WASHINGTON, DC – “Nothing stops a bullet like a job.” So says Father Gregory Boyle, a Jesuit priest and the founder of Homeboy Industries, the world’s largest gang intervention and rehabilitation program. In May, Boyle was awarded the Presidential Medal of Freedom, the highest civilian honor in the United States. His belief in the importance of work offers lessons for economic policymakers.

I learned of Boyle about 15 years ago, long after he had become an icon in Los Angeles and the social-justice community, while speaking with a Jesuit about the order’s charism “to see the world as their monastery.” I was deeply impressed by Boyle’s response to the heartbreaking gang violence he encountered as the pastor of the poorest Catholic parish in Los Angeles.

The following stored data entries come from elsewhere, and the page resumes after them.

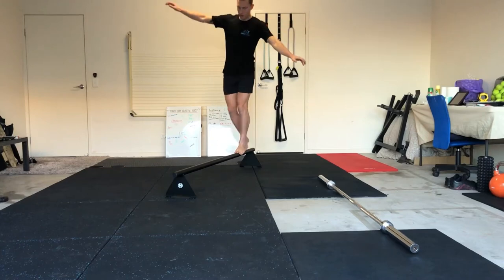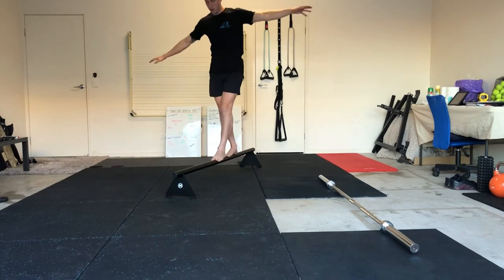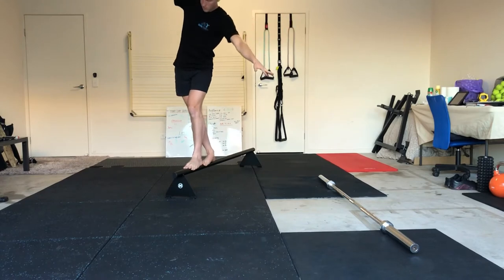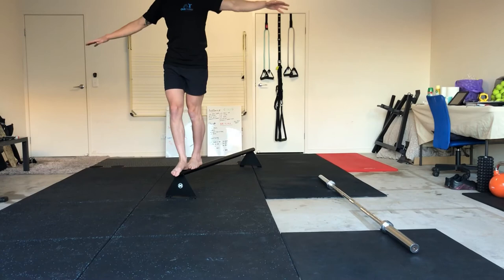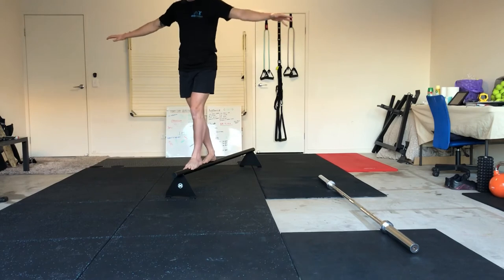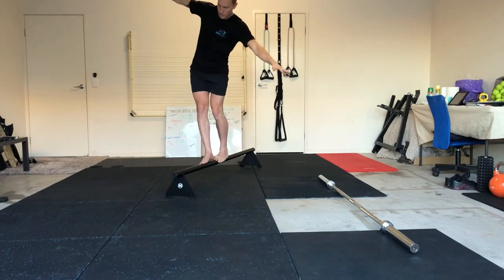Alright guys, so we'll be working on that foot stability and balance again, so whether this is a beam at home or at your local park, hands out to the side, bracing that core, and just taking our time as we're walking forwards and backwards. We'll step back, nice and controlled, getting that foot into the right position, using those arms out to the side to keep us nice and balanced, and also using that core to keep us nice and centered.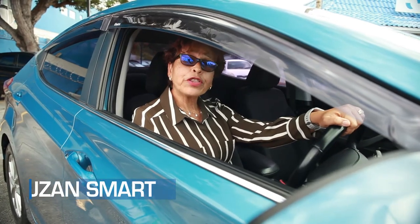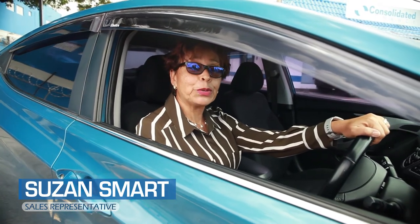So remember, if you're in the market for that mid-sized vehicle, give me, Suzanne Smart, a call. We put you in the driver's seat.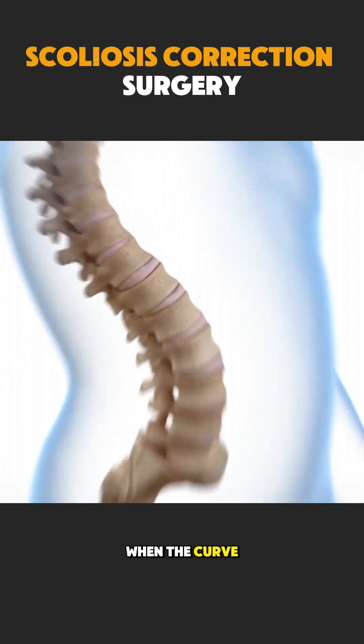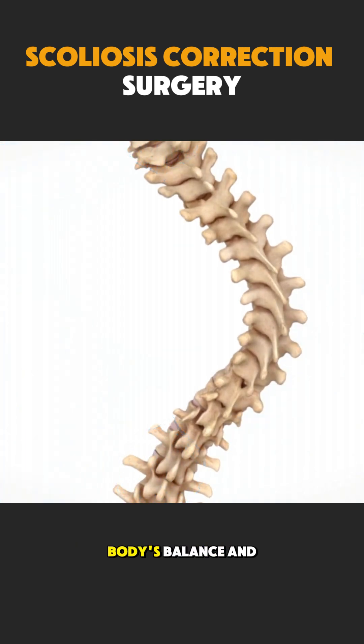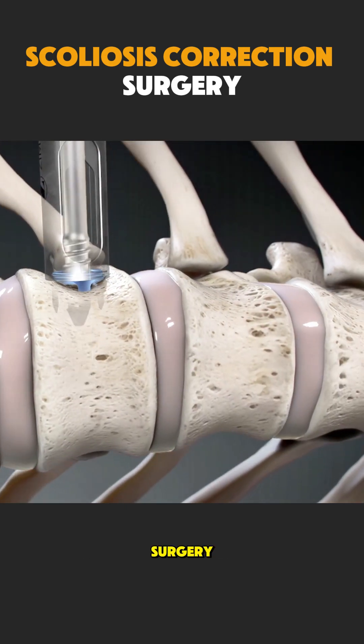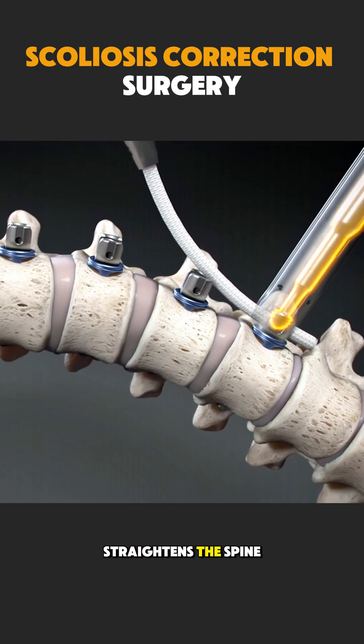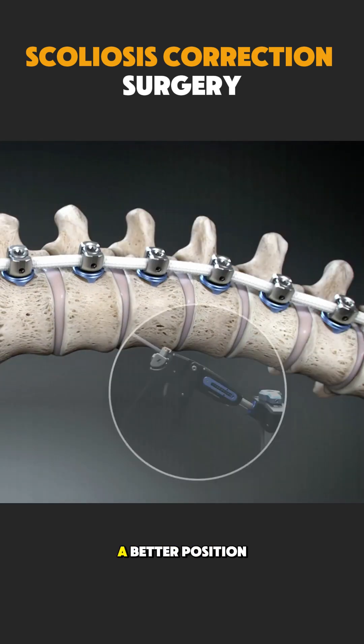When the curve becomes severe or keeps worsening, doctors recommend surgery to protect the body's balance and function. During scoliosis correction surgery, the surgeon carefully straightens the spine and uses metal rods, screws, or wires to hold it in a better position.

In 1988, Boyle founded Jobs for a Future (JFF) to help gang members who couldn’t secure employment due to their criminal history or tattoos. Members of his parish visited the factories surrounding the local housing projects and encouraged them to hire these young people. When no jobs were forthcoming, JFF started its own organizations to employ – and rehabilitate – gang members, building a childcare center and forming groups that performed landscaping and maintenance work, removed graffiti, and cleaned up neighborhoods.

These early efforts planted the seeds for Homeboy Industries, which was established in 1992 with a bakery across the street from the church. In the intervening years, it has grown to encompass nearly a dozen social enterprises, including Homegirl Café, an electronics-recycling business, and a catering company. These enterprises provide job training, but they also foster kinship and create safe communities.